## EXERCISE OBJECTIVE
For this exercise, output the entries below exactly from the line that holds "My hand is not" to the line that holds "I found this", both ends included. No pictures belong in the copy.

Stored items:
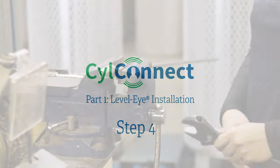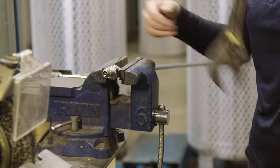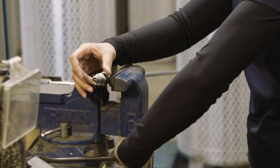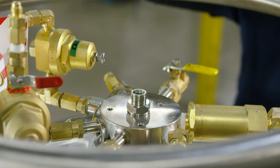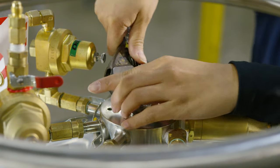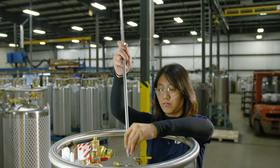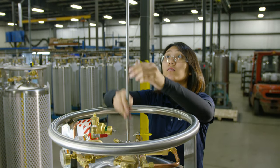Step four: the easiest method to install the wand is to remove the ceiling nut and thread it into the knuckle first. Guide the wand through the ceiling nut and retighten the compression fitting.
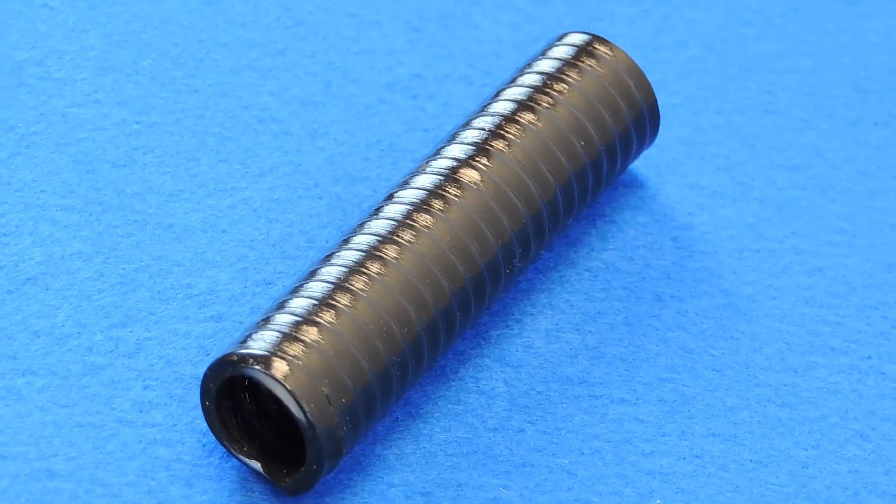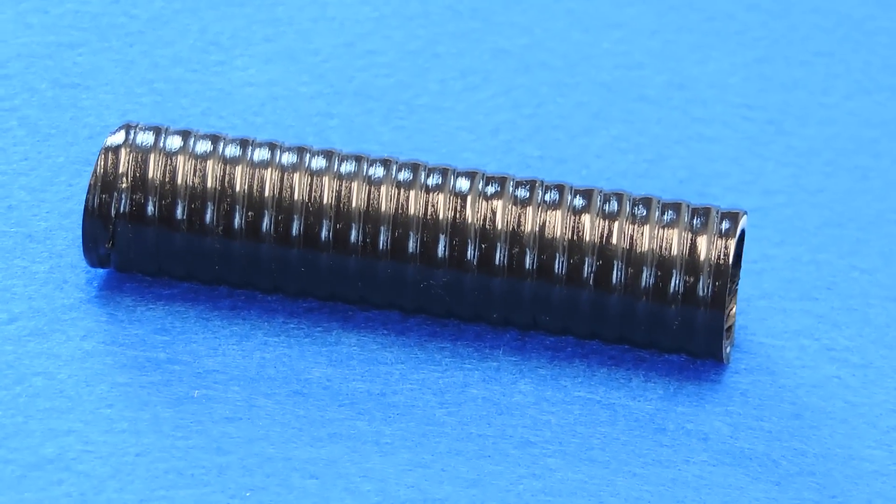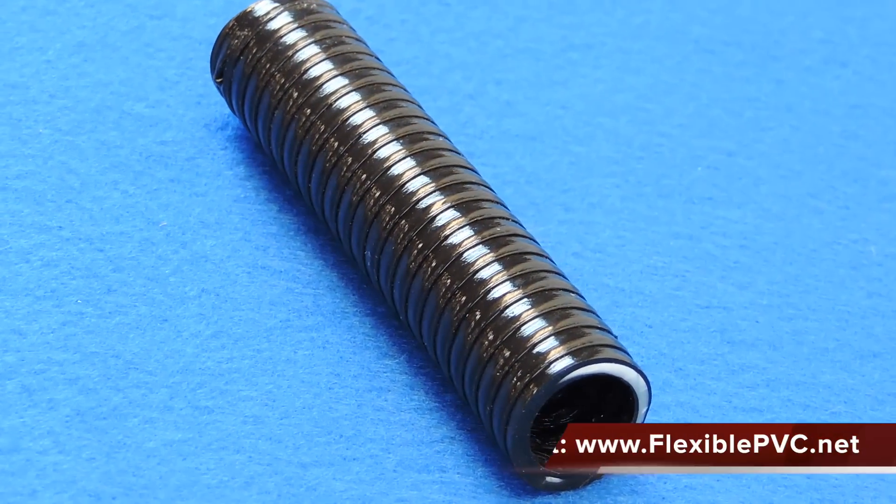Strong and long-lasting, this hose is extremely flexible and can easily be routed in any direction necessary without the use of multiple fittings, thus simplifying plumbing layouts and the installation of your job.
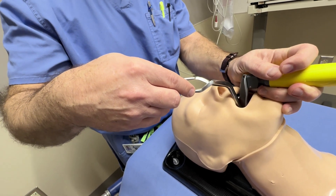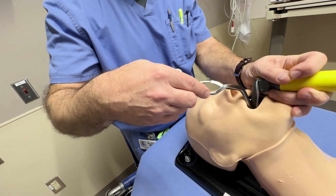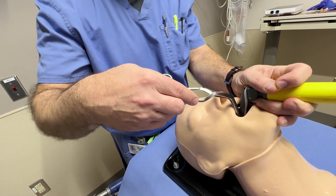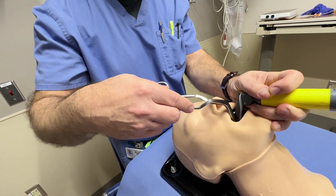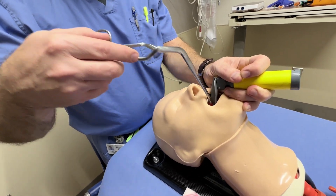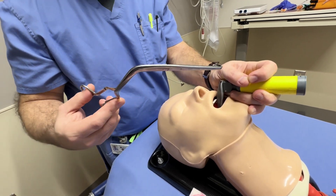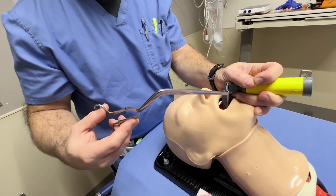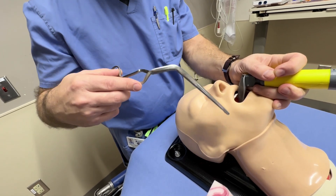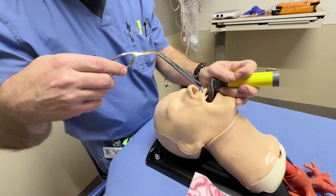My hand is not obscuring my view whatsoever, and I can easily grasp whatever foreign body it may be. That's a very important point, because so many times we try to manipulate using the McGill in different hand locations — try from below. But you're recommending just come from above. It's designed to be a head-of-bed instrument. If you use it any other way, then your hand is going to be in the way.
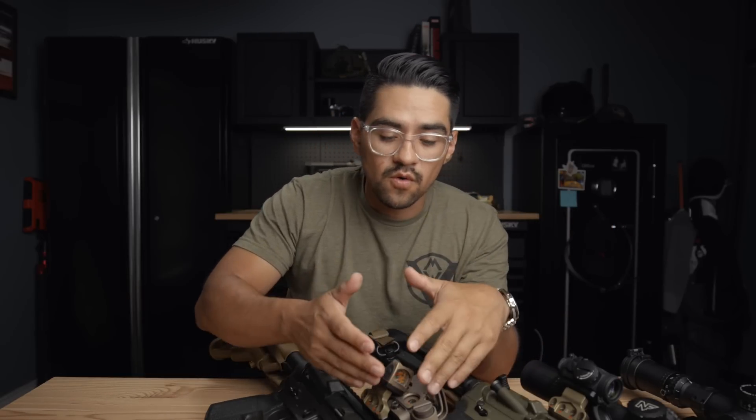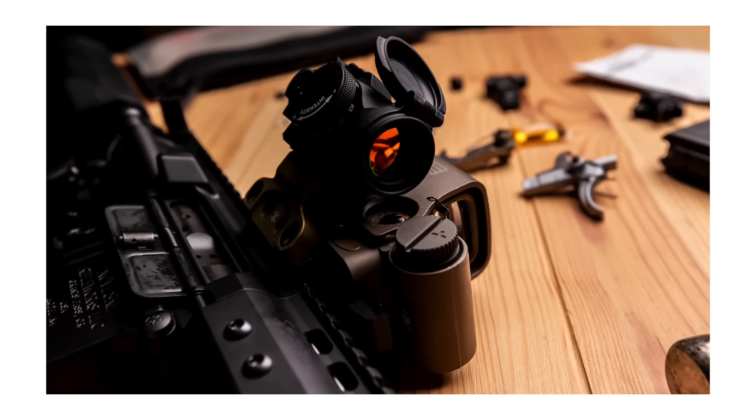The last con to running the offset red dot — whether with an LPVO or another red dot — is the internet trolls. People are going to troll you for this. I did make the setup with the EOTech and offset Aimpoint just to trigger some people, and while that could be a viable option, it's probably too expensive and not very practical for most. But just be aware you'll probably get trolled. I remember when pistols with red dots first started becoming popular for everyday carry and duty use — they got trolled all the time. Now most people in the industry run red dots on pistols. The industry just needs time to catch up.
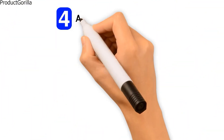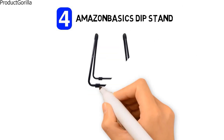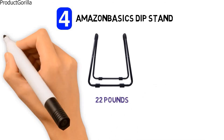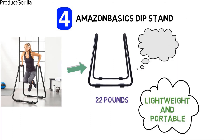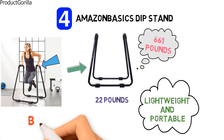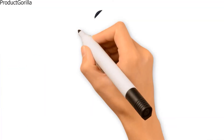At number 4, we have the Amazon Basics Dip Stand. The dimensions of the unit are 34.2 by 32.5 by 38.4 inches and it weighs around 22 pounds. It features a durable steel construction for a safe, reliable workout. The dip stand is lightweight and portable, yet it has an incredible weight capacity of 661 pounds. The tops of the bars are fitted with foam grips for a comfortable hold even when your hands get sweaty. The stand's base is wide, making it difficult to tip over, and is fitted with foam floor pads for reliable, secure placement that won't slide.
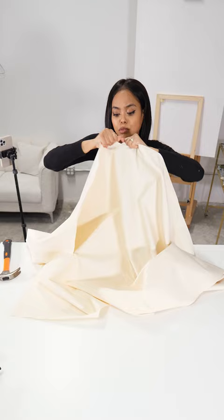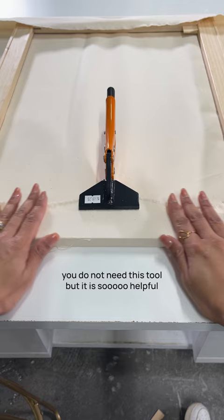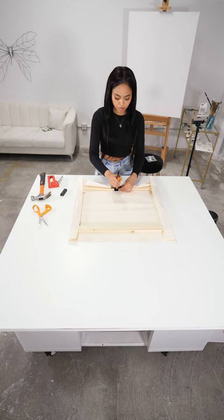I found this really lightweight, fine weave canvas and I'm so excited to try it. Then I got this canvas stretching tool. I left this price sticker on it because it was really expensive — if I don't like it, I'm going to return it. But it worked really good.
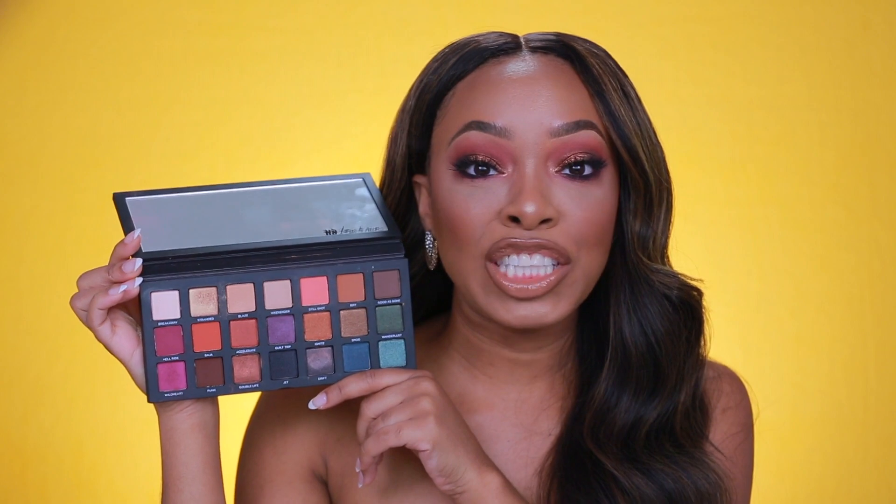So that is it for my review and tutorial using the Urban Decay Born to Run palette, along with the Urban Decay shadow primer, 24/7 Glide-On liner, and Hi-Fi Shine lip gloss. Honest thoughts on the palette: I love it. You honestly don't find too many palettes with such a nice assortment of shades — especially one that has 21 shadows you can probably create at least 21 looks with. Also super pigmented, blends out so easily, and very little fallout.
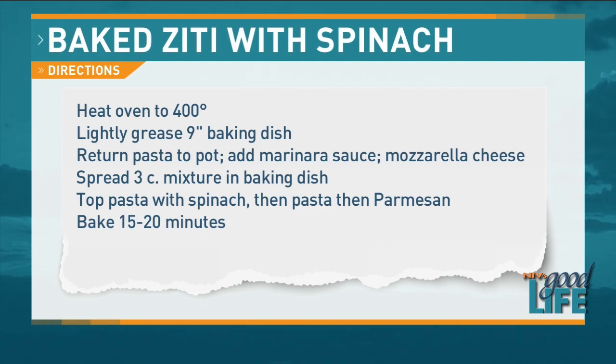We're going to preheat the oven to 400. Then we're going to put this in a 9 by 13 baking dish. Peggy has the pasta — we put it back in the pot. We added the marinara sauce and some mozzarella cheese. Then we'll put some of the mixture in the bottom of the baking dish and start layering. We're going to take a break and spray our 9 by 13 pan.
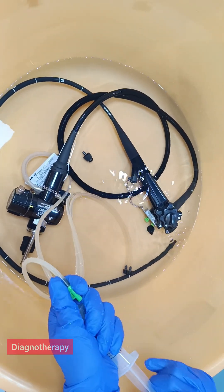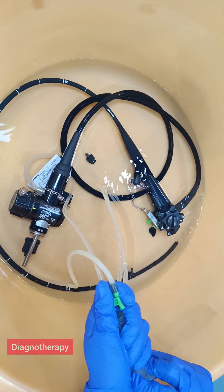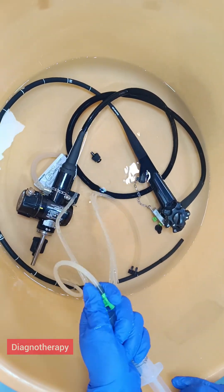In both tubes — both ends of the tubes — you can see the green tube, and in that we need to attach the syringe and we need to suck and flush.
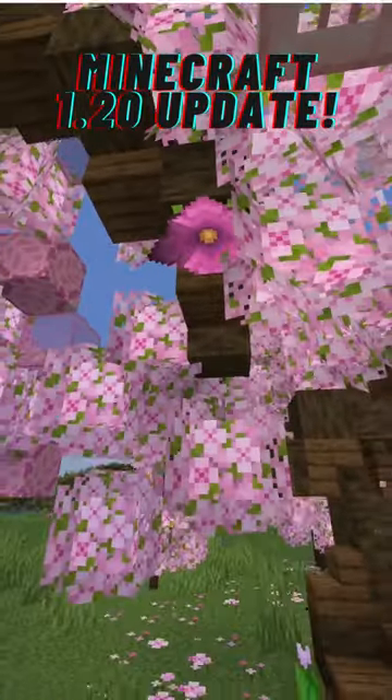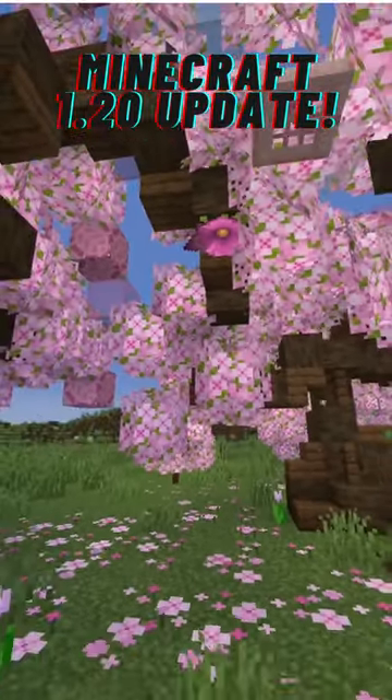Number two: hidden spark blossoms to create green particle effects to mix with the pink ones.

## RESULT OF THIS EXERCISE
My hand is not obscuring my view whatsoever, and I can easily grasp whatever foreign body it may be. That's a very important point, because so many times we try to manipulate using the McGill in different hand locations — try from below. But you're recommending just come from above. It's designed to be a head-of-bed instrument. If you use it any other way, then your hand is going to be in the way.
The last con to running the offset red dot — whether with an LPVO or another red dot — is the internet trolls. People are going to troll you for this. I did make the setup with the EOTech and offset Aimpoint just to trigger some people, and while that could be a viable option, it's probably too expensive and not very practical for most. But just be aware you'll probably get trolled. I remember when pistols with red dots first started becoming popular for everyday carry and duty use — they got trolled all the time. Now most people in the industry run red dots on pistols. The industry just needs time to catch up.
At number 4, we have the Amazon Basics Dip Stand. The dimensions of the unit are 34.2 by 32.5 by 38.4 inches and it weighs around 22 pounds. It features a durable steel construction for a safe, reliable workout. The dip stand is lightweight and portable, yet it has an incredible weight capacity of 661 pounds. The tops of the bars are fitted with foam grips for a comfortable hold even when your hands get sweaty. The stand's base is wide, making it difficult to tip over, and is fitted with foam floor pads for reliable, secure placement that won't slide.
I found this really lightweight, fine weave canvas and I'm so excited to try it. Then I got this canvas stretching tool. I left this price sticker on it because it was really expensive — if I don't like it, I'm going to return it. But it worked really good.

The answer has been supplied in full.